SOURCE DATA:
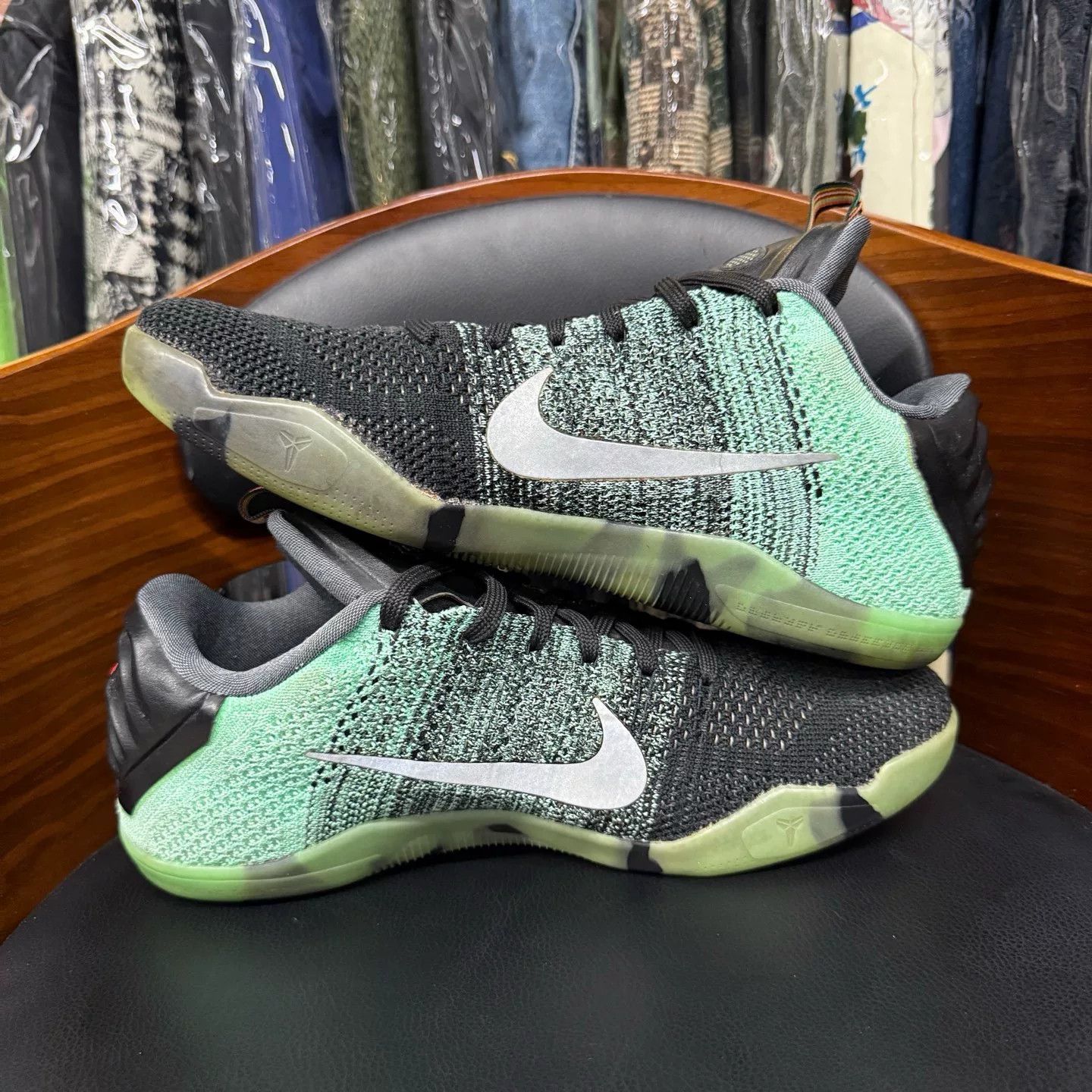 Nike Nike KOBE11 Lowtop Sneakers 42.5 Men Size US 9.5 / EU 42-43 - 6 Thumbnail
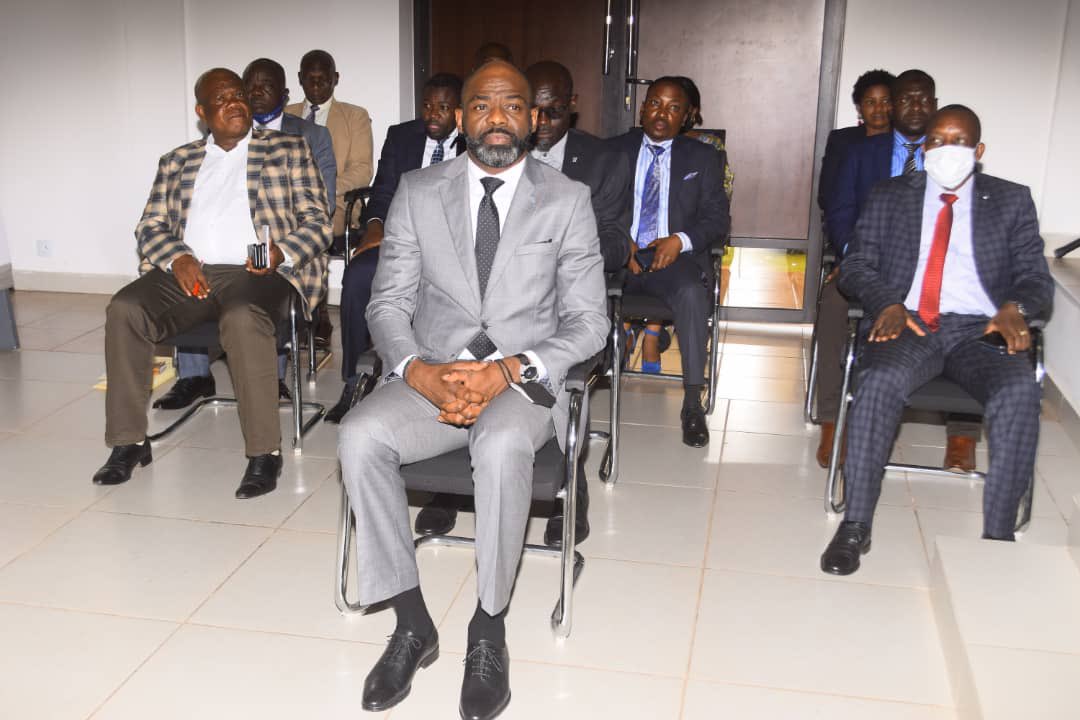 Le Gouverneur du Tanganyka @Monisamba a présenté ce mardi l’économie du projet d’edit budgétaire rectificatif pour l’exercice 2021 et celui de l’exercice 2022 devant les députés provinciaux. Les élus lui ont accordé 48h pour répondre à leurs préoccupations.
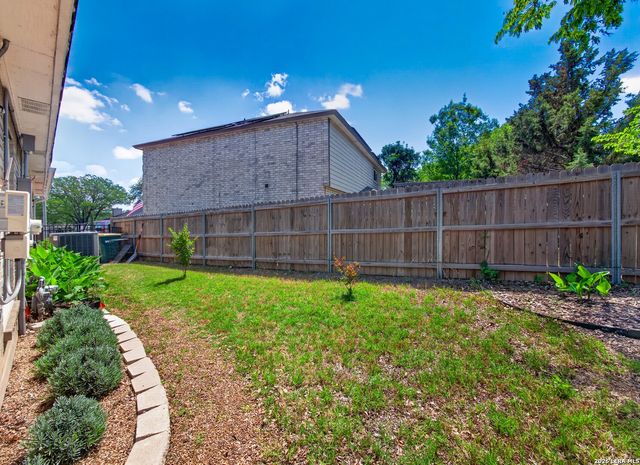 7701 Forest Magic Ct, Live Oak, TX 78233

WORK TO COMPLETE: Every line of the material above should be repeated exactly, except for the pictures.

OUTPUT:
 Nike Nike KOBE11 Lowtop Sneakers 42.5 Men Size US 9.5 / EU 42-43 - 6 Thumbnail
 Le Gouverneur du Tanganyka @Monisamba a présenté ce mardi l’économie du projet d’edit budgétaire rectificatif pour l’exercice 2021 et celui de l’exercice 2022 devant les députés provinciaux. Les élus lui ont accordé 48h pour répondre à leurs préoccupations.
 7701 Forest Magic Ct, Live Oak, TX 78233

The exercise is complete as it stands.